▶ TASK: Provide an exact transcription of all the records.

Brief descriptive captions

......

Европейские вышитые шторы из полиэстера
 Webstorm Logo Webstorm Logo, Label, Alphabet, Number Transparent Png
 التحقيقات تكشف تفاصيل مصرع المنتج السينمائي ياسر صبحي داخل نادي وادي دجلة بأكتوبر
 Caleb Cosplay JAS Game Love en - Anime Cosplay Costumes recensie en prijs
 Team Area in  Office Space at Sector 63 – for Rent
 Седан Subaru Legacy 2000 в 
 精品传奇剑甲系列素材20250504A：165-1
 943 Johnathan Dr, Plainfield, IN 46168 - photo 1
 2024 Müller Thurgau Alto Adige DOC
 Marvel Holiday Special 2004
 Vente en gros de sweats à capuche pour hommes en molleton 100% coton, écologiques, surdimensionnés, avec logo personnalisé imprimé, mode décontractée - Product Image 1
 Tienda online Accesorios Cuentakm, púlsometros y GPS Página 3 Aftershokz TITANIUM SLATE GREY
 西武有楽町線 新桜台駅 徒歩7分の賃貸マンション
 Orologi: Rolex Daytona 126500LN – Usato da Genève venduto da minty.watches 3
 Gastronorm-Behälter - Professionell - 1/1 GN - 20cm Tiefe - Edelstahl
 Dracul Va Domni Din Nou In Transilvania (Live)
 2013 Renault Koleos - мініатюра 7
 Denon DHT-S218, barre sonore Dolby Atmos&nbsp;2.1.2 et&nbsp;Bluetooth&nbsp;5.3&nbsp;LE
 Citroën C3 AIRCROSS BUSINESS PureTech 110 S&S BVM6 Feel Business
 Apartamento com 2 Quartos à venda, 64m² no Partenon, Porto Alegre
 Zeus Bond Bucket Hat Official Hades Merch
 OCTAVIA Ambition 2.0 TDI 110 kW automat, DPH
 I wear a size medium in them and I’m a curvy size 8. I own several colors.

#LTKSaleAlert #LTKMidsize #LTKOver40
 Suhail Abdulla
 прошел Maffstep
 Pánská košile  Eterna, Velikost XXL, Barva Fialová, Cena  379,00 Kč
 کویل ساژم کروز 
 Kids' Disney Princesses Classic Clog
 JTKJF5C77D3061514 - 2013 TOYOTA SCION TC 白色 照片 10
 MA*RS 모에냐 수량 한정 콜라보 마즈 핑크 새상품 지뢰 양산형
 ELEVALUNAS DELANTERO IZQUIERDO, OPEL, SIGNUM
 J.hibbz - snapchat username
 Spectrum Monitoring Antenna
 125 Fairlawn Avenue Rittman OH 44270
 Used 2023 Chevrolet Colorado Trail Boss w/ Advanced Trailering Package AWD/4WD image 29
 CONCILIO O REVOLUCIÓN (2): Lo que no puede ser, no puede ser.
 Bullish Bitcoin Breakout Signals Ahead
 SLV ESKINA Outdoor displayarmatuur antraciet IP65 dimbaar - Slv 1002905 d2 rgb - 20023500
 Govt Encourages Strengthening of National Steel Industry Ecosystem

......

▶ EXPECTED ANSWER:
Европейские вышитые шторы из полиэстера
 Webstorm Logo Webstorm Logo, Label, Alphabet, Number Transparent Png
 التحقيقات تكشف تفاصيل مصرع المنتج السينمائي ياسر صبحي داخل نادي وادي دجلة بأكتوبر
 Caleb Cosplay JAS Game Love en - Anime Cosplay Costumes recensie en prijs
 Team Area in  Office Space at Sector 63 – for Rent
 Седан Subaru Legacy 2000 в 
 精品传奇剑甲系列素材20250504A：165-1
 943 Johnathan Dr, Plainfield, IN 46168 - photo 1
 2024 Müller Thurgau Alto Adige DOC
 Marvel Holiday Special 2004
 Vente en gros de sweats à capuche pour hommes en molleton 100% coton, écologiques, surdimensionnés, avec logo personnalisé imprimé, mode décontractée - Product Image 1
 Tienda online Accesorios Cuentakm, púlsometros y GPS Página 3 Aftershokz TITANIUM SLATE GREY
 西武有楽町線 新桜台駅 徒歩7分の賃貸マンション
 Orologi: Rolex Daytona 126500LN – Usato da Genève venduto da minty.watches 3
 Gastronorm-Behälter - Professionell - 1/1 GN - 20cm Tiefe - Edelstahl
 Dracul Va Domni Din Nou In Transilvania (Live)
 2013 Renault Koleos - мініатюра 7
 Denon DHT-S218, barre sonore Dolby Atmos&nbsp;2.1.2 et&nbsp;Bluetooth&nbsp;5.3&nbsp;LE
 Citroën C3 AIRCROSS BUSINESS PureTech 110 S&S BVM6 Feel Business
 Apartamento com 2 Quartos à venda, 64m² no Partenon, Porto Alegre
 Zeus Bond Bucket Hat Official Hades Merch
 OCTAVIA Ambition 2.0 TDI 110 kW automat, DPH
 I wear a size medium in them and I’m a curvy size 8. I own several colors.

#LTKSaleAlert #LTKMidsize #LTKOver40
 Suhail Abdulla
 прошел Maffstep
 Pánská košile  Eterna, Velikost XXL, Barva Fialová, Cena  379,00 Kč
 کویل ساژم کروز 
 Kids' Disney Princesses Classic Clog
 JTKJF5C77D3061514 - 2013 TOYOTA SCION TC 白色 照片 10
 MA*RS 모에냐 수량 한정 콜라보 마즈 핑크 새상품 지뢰 양산형
 ELEVALUNAS DELANTERO IZQUIERDO, OPEL, SIGNUM
 J.hibbz - snapchat username
 Spectrum Monitoring Antenna
 125 Fairlawn Avenue Rittman OH 44270
 Used 2023 Chevrolet Colorado Trail Boss w/ Advanced Trailering Package AWD/4WD image 29
 CONCILIO O REVOLUCIÓN (2): Lo que no puede ser, no puede ser.
 Bullish Bitcoin Breakout Signals Ahead
 SLV ESKINA Outdoor displayarmatuur antraciet IP65 dimbaar - Slv 1002905 d2 rgb - 20023500
 Govt Encourages Strengthening of National Steel Industry Ecosystem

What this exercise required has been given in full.